[Opening Data to examine section]

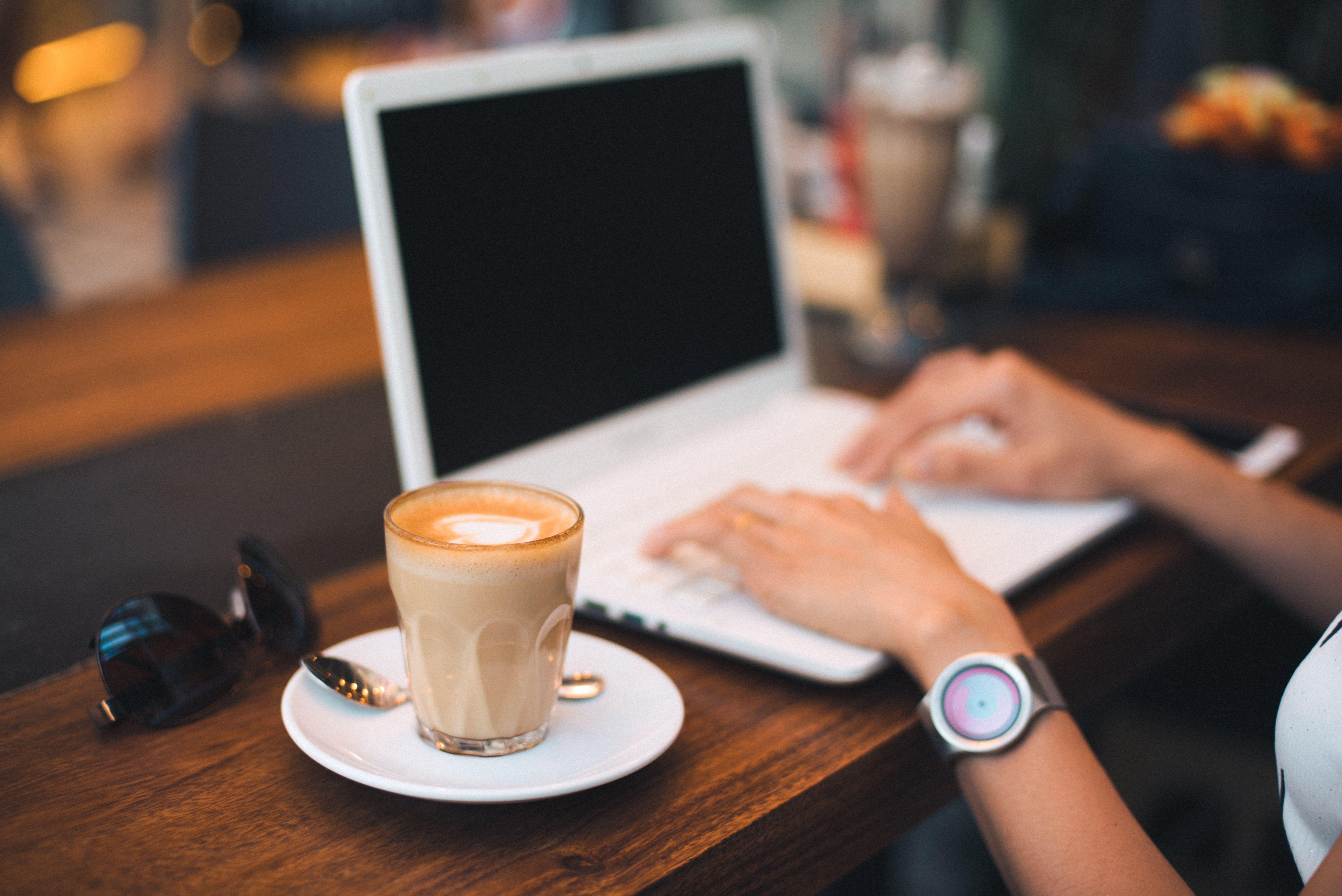 Picture of a laptop user in a coffee shop.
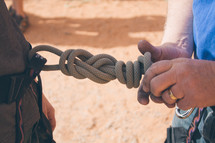 tying a knot for scaling rocks, rock climbing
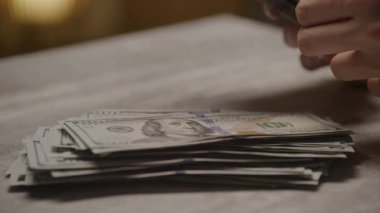 Masadaki bir yığın Amerikan doları banknotunu sayarken çekilmiş detaylı bir yakın çekim. Maliye, zenginlik ve para yönetimini simgeliyor..
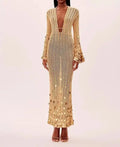 Midnight Shimmer Maxi dress displayed on a hanger, showcasing its luxurious lightweight fabric.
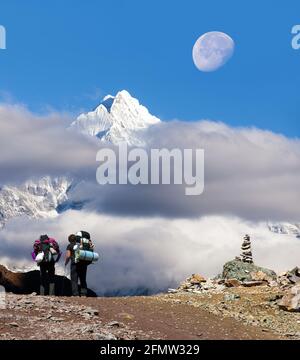 Blick auf den Berg Thamserku inmitten von Wolken, Mond und zwei Touristen, Khumbu-Tal, Solukhumbu, Himalaya-Berge in Nepal Stockfoto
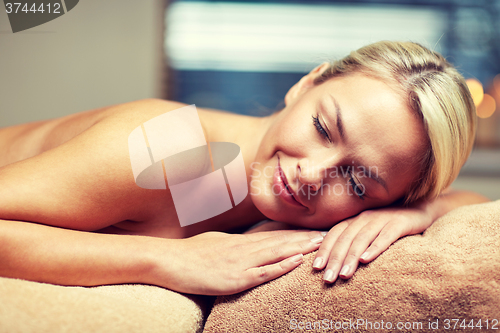 Image of young woman lying on massage table in spa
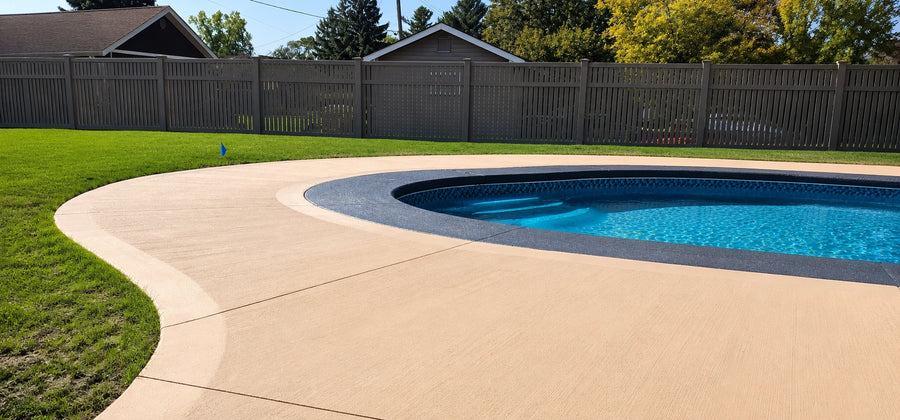 EasyTint tinted solvent-based acrylic concrete sealer applied to a broomed exterior pool deck, delivering one-step color and seal in a single application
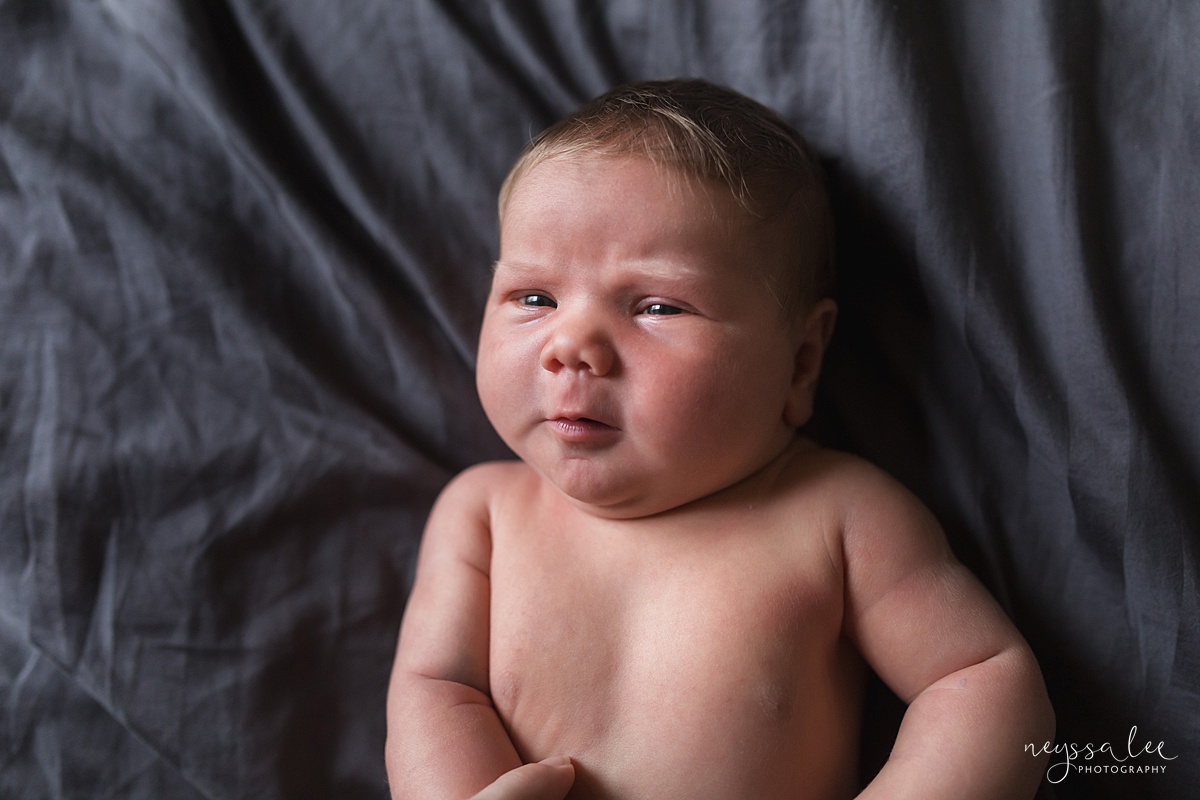 Seattle newborn photographer, Neyssa Lee Photography, Lifestyle Newborn Photography, photo of newborn baby looking at the camera
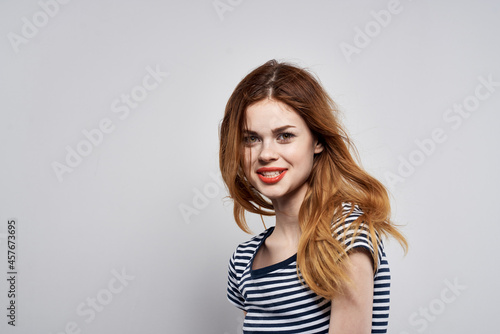 cheerful woman in a striped t-shirt gesture with his hands model studio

[Closing Data to examine section]

*Task details*
Pictures stay out of the copy. Reproduce exactly the lines from the one containing "Blick auf den" through the last line of the records above, both included.

*Exercise response*
 Blick auf den Berg Thamserku inmitten von Wolken, Mond und zwei Touristen, Khumbu-Tal, Solukhumbu, Himalaya-Berge in Nepal Stockfoto
 Image of young woman lying on massage table in spa
 EasyTint tinted solvent-based acrylic concrete sealer applied to a broomed exterior pool deck, delivering one-step color and seal in a single application
 Seattle newborn photographer, Neyssa Lee Photography, Lifestyle Newborn Photography, photo of newborn baby looking at the camera
 cheerful woman in a striped t-shirt gesture with his hands model studio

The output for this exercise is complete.